As my hon. Friend is aware, under the new pension rules a pension scheme member can receive up to 25 per cent. of their pension fund as an initial tax-free lump sum when their pension starts to be paid. The total amount that individuals can save in a pension tax-free is subject to a lifetime allowance, which currently stands at £1.75 million. That limit is a maximum, within which pension funds may decide how best to provide benefits to their members. However, the Government need to ensure that the system is used fairly and remains affordable for the taxpayer, so there are limits on the amount of tax relief available to an individual.

If there were no limits to the amounts of tax relief available on pension savings, some people might use them as general savings accounts and would put away far more than was necessary simply to provide a retirement income, instead using pensions as a way to avoid income tax. In that case, the cost to the Exchequer in tax relief could be open-ended.

The cap on the size of tax-free lump sums therefore ensures that the tax relief available for pensions is kept to the level intended by Parliament and allows the Government to monitor the cost of tax relief to the taxpayer. As I said, the lifetime allowance is the maximum tax advantaged pension benefits an individual can accumulate, other than under transitional rules. That limit is an optional maximum, within which pension funds may decide how best to provide benefits to their members.

When the individual has more than one pension fund, the maximum tax-free lump sum that an individual can take is based on the lower of 25 per cent. of the money held in a particular pension fund and 25 per cent. of the lifetime allowance available. As each pension scheme comes into payment, the lifetime allowance is reduced by the value of the total benefits taken. Therefore, if one pension scheme pays a lump sum of less than 25 per cent., that will mean that the total lump sum from all schemes will be less than 25 per cent. of the value of all the pension funds as no pension can provide a lump sum bigger than 25 per cent. of the funds held by the individual in that scheme.

A similar issue arises in connection with the enhanced protection rules.

Barry Gardiner: My hon. Friend is absolutely right to make that point.

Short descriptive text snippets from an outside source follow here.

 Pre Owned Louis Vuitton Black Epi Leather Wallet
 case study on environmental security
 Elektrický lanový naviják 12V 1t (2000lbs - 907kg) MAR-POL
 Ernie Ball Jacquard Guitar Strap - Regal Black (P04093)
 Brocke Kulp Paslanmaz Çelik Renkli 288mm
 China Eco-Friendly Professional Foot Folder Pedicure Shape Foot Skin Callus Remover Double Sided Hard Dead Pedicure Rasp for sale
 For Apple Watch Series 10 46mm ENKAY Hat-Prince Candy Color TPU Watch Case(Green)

However, does she not consider it wrong that there should be an assumption that runs absolutely counter to the fact of what the actual payment is? Is it not wrong that there should be an assumption that the full 25 per cent. has been paid out when, in many cases, it will not have been?

Sarah McCarthy-Fry: There is not a requirement for schemes to allow 25 per cent—I think that that is where we are getting a bit confused—rather it is the maximum tax-free lump sum permitted in tax rules.